Roland Engan is a passionate defender of the rights of marginalized Indigenous communities in Sarawak. A Kenyah from Baram, he became politicized in 2009 with the successful campaign against the Baram Dam. Since 2018, he has been representing land rights cases in court himself. He is involved in Indigenous community empowerment through the NGO Persatuan Pewaris Bahagian Miri. Roland Engan is the Chairman of the Peoples Justice Party (PKR) in Sarawak and an active member of the pastoral team of Bethel Church Malaysia.
«Forest conservation, reforestation and aquaculture must be implemented under a zero-logging policy and carbon trading must involve the Indigenous communities as the custodians of forest, land and rivers in Sarawak/Malaysia.»
Celine Lim
Managing Director of SAVE Rivers, Miri, Sarawak
A Kayan from Baram, Sarawak, Celine Lim is the Managing Director of SAVE Rivers, a local civil society organisation that advocates for Indigenous people’s rights and environmental issues.
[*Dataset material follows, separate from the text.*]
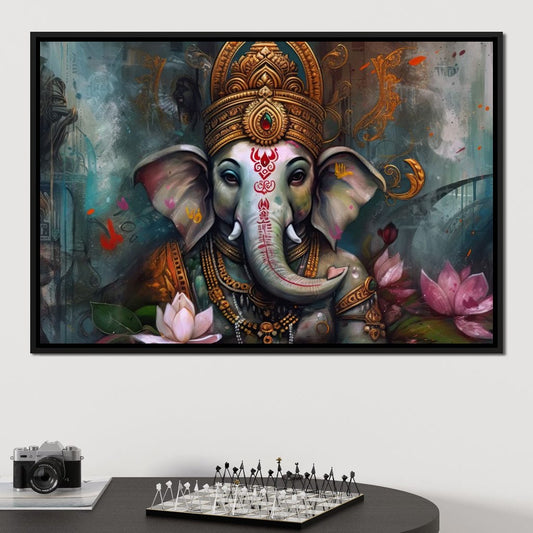Ganesha's Tranquility HinduOmDesigns Black Floating Frame / 30" x 20" Posters, Prints, & Visual Artwork hindu canvas wall art XF73SHDJ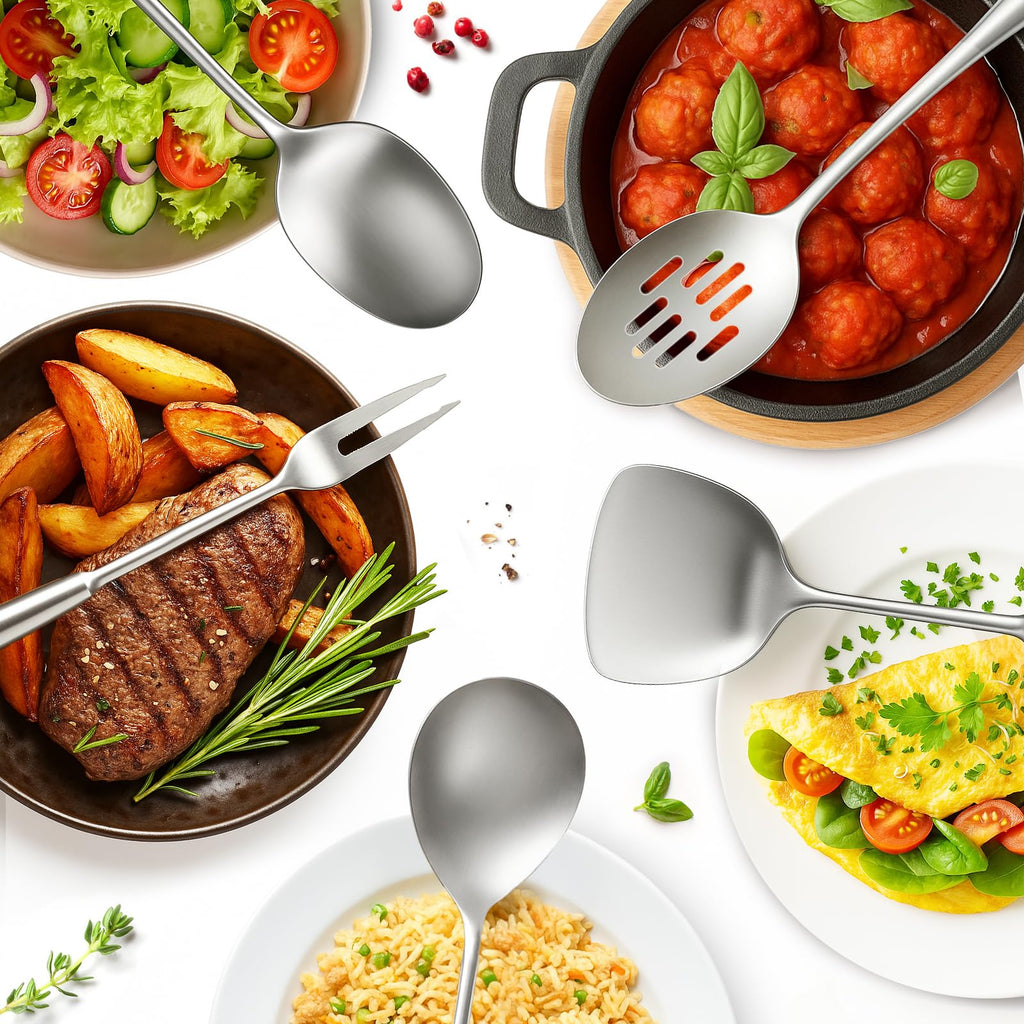 Newness 9 Pcs Cooking Utensils Set, 304 Stainless Steel Kitchen Utensils Set, Metal Kitchen Accessories, Include Soup Ladle, Slotted Skimmer Spoon, Spaghetti Spoon and Spatula, Dishwasher Safe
SAVE Rivers is a member of the Indigenous Communities Conserved Area (ICCA) Consortium, an international organization that promotes the appropriate recognition and support of Indigenous Peoples' Conserved Areas and Territories. Indigenous people and environmental rights are important to Celine as she has witnessed first-hand how Indigenous communities are affected by the forced changes in their environment, community, and culture through external factors.
«The public needs to become more aware of its own civil rights, demand more transparency and access to public information from its government, and exercise more of its right to participate in political and legislative decision-making.»